C'est aussi un proche de l'écrivain Lionel Duroy qui a obtenu sa condamnation pour atteinte à la vie privée. L'auteur avait été attaqué en justice par son fils Raphaël, qui a obtenu 10.000 euros de dommages et intérêts pour atteinte à sa vie privée, dans le roman Colères, publié en 2011 et faisant état de sa relation conflictuelle entre le père et son fils. L'auteur, qui lui prête des problèmes de drogue, reproduisait dans son livre un mail de son fils.
"Il n'y pas de définition légale de la vie privée", souligne Elvire Bochaton. "Au fil des décisions, la notion de vie privée a été élargie à divers éléments comme la religion, les convictions politiques, la correspondance ou la vie familiale. Globalement, tout ce qui n'est pas connu dans la sphère publique relève de la vie privée".
Dans le roman Fragments d'une femme perdue, qui a valu à Patrick Poivre d'Arvor d'être condamné en 2015 à verser 33.000 euros à son ex-compagne, l'auteur avait également publié des extraits de leur correspondance et des détails sur leur relation. La justice a estimé que "les procédés littéraires utilisés ne permettent pas au lecteur de différencier les personnages de la réalité, de sorte que l'œuvre ne peut être qualifiée de fictionnelle".
Par ailleurs, Il ne suffit pas de modifier les noms des protagonistes pour échapper à des plaintes pour atteinte à la vie privée. "C'est un grand mythe: non, ça ne suffit pas", confirme Elvire Bochaton.
"Il faut que la personne ne soit absolument pas reconnaissable. Le fait d'ajouter des éléments fictifs ne change rien non plus si la personne est reconnaissable."
"Parfois les auteurs affichent des "disclaimers" au début de leur roman, mais cela n'a pas non plus de valeur juridique. On ne peut pas s'exonérer de sa responsabilité en mettant un avertissement."
Régis Jauffret, qui ne cite pourtant jamais dans son livre, La Ballade de Rikers Island, le nom de Dominique Strauss Kahn, a d'ailleurs été condamné pour diffamation. Le livre relate l'affaire du Sofitel qui a mené à la démission de l'ex-patron du FMI en 2011.
En juin 2016, le tribunal correctionnel de Paris a condamné l'écrivain à une amende de 1.500 euros avec sursis, ainsi qu'à 10.000 euros de dommages et intérêts au titre du préjudice moral pour certains passages de son ouvrage, utilisant le terme de "viol", alors que DSK n'a pas été condamné pour ces faits.
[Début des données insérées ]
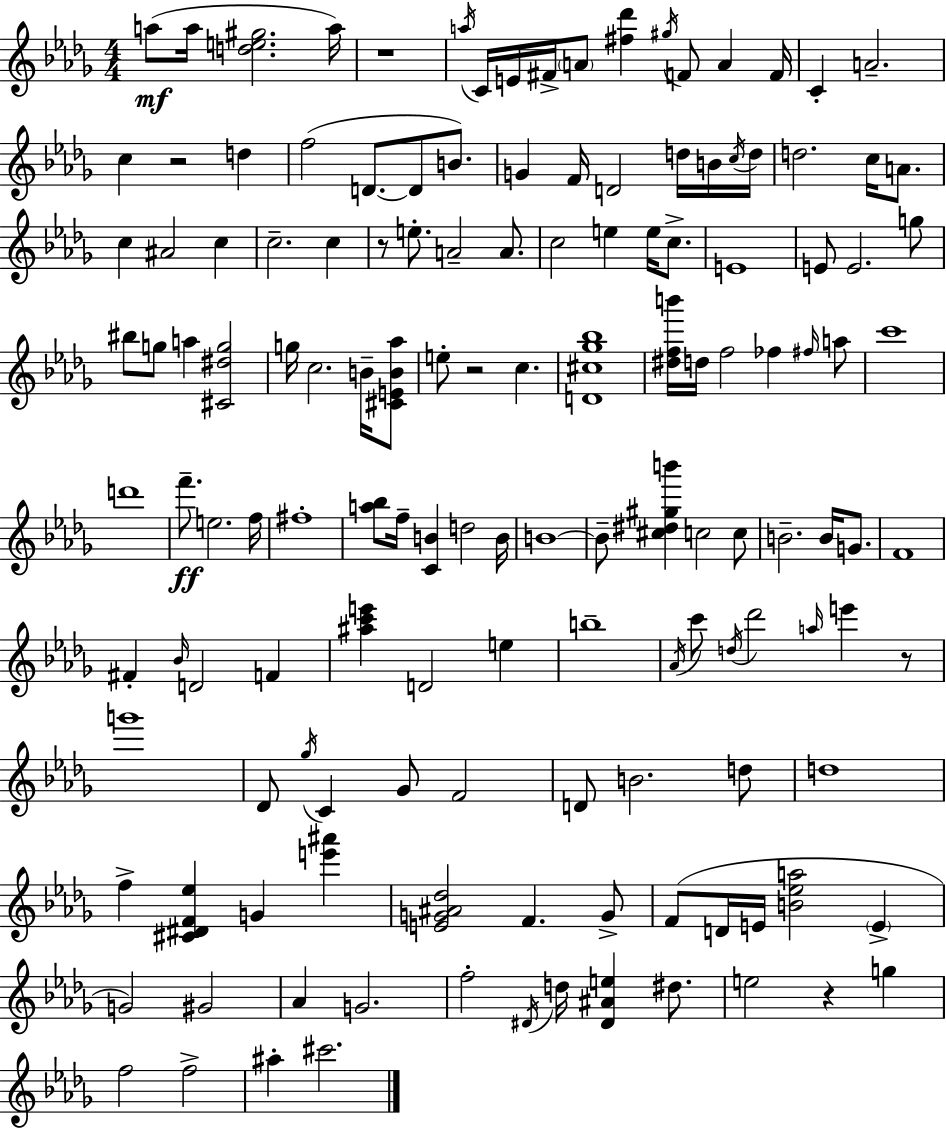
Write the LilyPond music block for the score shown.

{
  \clef treble
  \numericTimeSignature
  \time 4/4
  \key bes \minor
  \repeat volta 2 { a''8(\mf a''16 <d'' e'' gis''>2. a''16) | r1 | \acciaccatura { a''16 } c'16 e'16 fis'16-> \parenthesize a'8 <fis'' des'''>4 \acciaccatura { gis''16 } f'8 a'4 | f'16 c'4-. a'2.-- | \break c''4 r2 d''4 | f''2( d'8.~~ d'8 b'8.) | g'4 f'16 d'2 d''16 | b'16 \acciaccatura { c''16 } d''16 d''2. c''16 | \break a'8. c''4 ais'2 c''4 | c''2.-- c''4 | r8 e''8.-. a'2-- | a'8. c''2 e''4 e''16 | \break c''8.-> e'1 | e'8 e'2. | g''8 bis''8 g''8 a''4 <cis' dis'' g''>2 | g''16 c''2. | \break b'16-- <cis' e' b' aes''>8 e''8-. r2 c''4. | <d' cis'' ges'' bes''>1 | <dis'' f'' b'''>16 d''16 f''2 fes''4 | \grace { fis''16 } a''8 c'''1 | \break d'''1 | f'''8.--\ff e''2. | f''16 fis''1-. | <a'' bes''>8 f''16-- <c' b'>4 d''2 | \break b'16 b'1~~ | b'8-- <cis'' dis'' gis'' b'''>4 c''2 | c''8 b'2.-- | b'16 g'8. f'1 | \break fis'4-. \grace { bes'16 } d'2 | f'4 <ais'' c''' e'''>4 d'2 | e''4 b''1-- | \acciaccatura { aes'16 } c'''8 \acciaccatura { d''16 } des'''2 | \break \grace { a''16 } e'''4 r8 g'''1 | des'8 \acciaccatura { ges''16 } c'4 ges'8 | f'2 d'8 b'2. | d''8 d''1 | \break f''4-> <cis' dis' f' ees''>4 | g'4 <e''' ais'''>4 <e' g' ais' des''>2 | f'4. g'8-> f'8( d'16 e'16 <b' ees'' a''>2 | \parenthesize e'4-> g'2) | \break gis'2 aes'4 g'2. | f''2-. | \acciaccatura { dis'16 } d''16 <dis' ais' e''>4 dis''8. e''2 | r4 g''4 f''2 | \break f''2-> ais''4-. cis'''2. | } \bar "|."
}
La justice a aussi interdit toute nouvelle édition du roman comportant les passages jugés diffamatoires.
"Il ne saurait suffire, pour prétendre échapper à toute condamnation, de s'abriter sous la qualification expresse de 'roman'", a ainsi estimé le tribunal.
Pour la justice, Régis Jauffret "s’est totalement affranchi des conclusions auxquelles ont abouti les procédures américaines […] dont il résulte que les poursuites ont été abandonnées".